Similarly, if violence in Trinidad and Tobago is systemic, and there seems to be no projected end in sight, and if women are easier targets, don't women deserve to be reminded?

The Brazilian Carnival is also a scene of violence against women. This article, for example, discusses one of the Brazilian campaigns to address the number of cases of sexual harassment and violence against women which occur more frequently in festive periods such as their Carnival. In this campaign they encourage victims and witnesses to report abuses through specialized public services. Included in their description of abuses which are to be denounced are: acts of physical or sexual violence, kissing a woman by force, detaining her by the arm and refusing to let her go, offending her by touching her body without permission and  attacking her verbally or disrespecting her when she says no.

Another article, "Assédio sexual: mulher, a culpa não é sua. | Sexual assault, the woman is not to blame." addresses the perception among 26 percent of 3810 Brazilian respondents in a study of social tolerance of violence against women, that women who wear clothes that show off the body deserve to be attacked. This is considered blaming the rape victim. Worrying also is that between 2009 and 2011, it is estimated that  there were more than 17, 000 femicides in the country. In Sao Paulo in 2014, there were 17 reported instances of women being abused on public transport. Of these, 16 were categorised as harassment offensive to modesty, and as rape. I have a feeling that the actual number of cases is probably much higher and that these incidents are shrugged off as traumatic but inevitable from what I know of similar behaviour in our country.
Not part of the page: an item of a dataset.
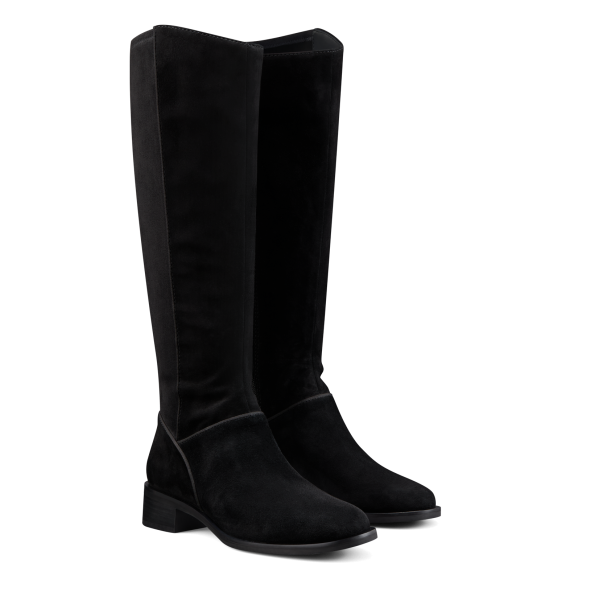 The Starling Tall Boot - Black Suede The Starling Tall Boot - Black Suede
Back to our situation, I refrained from jumping to any conclusions about the Mayor's statements. I needed to review an original and unaltered recording of what Port of Spain's Mayor, Raymond Tim Kee actually said. I did not want to accept a conflation of discrete statements or excerpts that could have been cherry-picked to support allegations. Not having all of this evidence at hand, I could not in good conscience judge him in the court of "social media". To do so would have revealed me to be as reckless and thoughtless as he has been accused of being. The video clip which I have posted below is the only evidence which I was able to review. Suffice it to say that it did not make me see pink.
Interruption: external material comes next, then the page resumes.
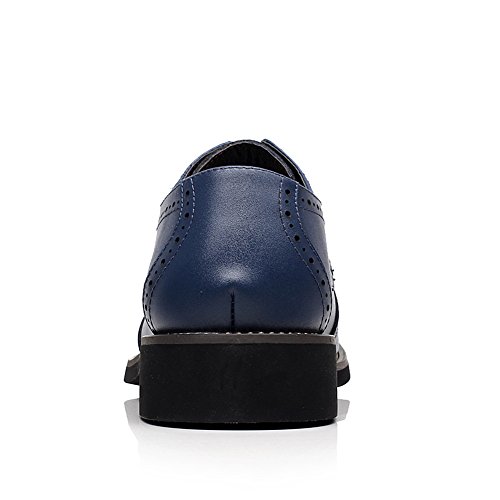 ANUFER Mens British Style Wingtip Brogue Dress Shoes Elegant Pointed Toe Derbies4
Many of you must have heard about the mass assaults against merrymakers that were carried out by an estimated 1,000 young men during Cologne's New Year's Eve celebrations in Germany this year. At the time when the Guardian article was published on January 6, 2016, over 100 complaints had been made to German police, two-thirds of which are linked to sexual assault, including two rapes. Although police and witnesses claimed that the assailants were of North African and Arab appearance, the Guardian noted that up to that time, neither the identity nor origin of any of these men had been established. SOURCE

"According to witnesses, the males, between 15 and 35 years old, tightly surrounded women in groups of 30 or 40, before groping them and mugging them and their partners. Many threw firecrackers into the crowds, adding to the mayhem that ensued, which later forced the police to clear the square.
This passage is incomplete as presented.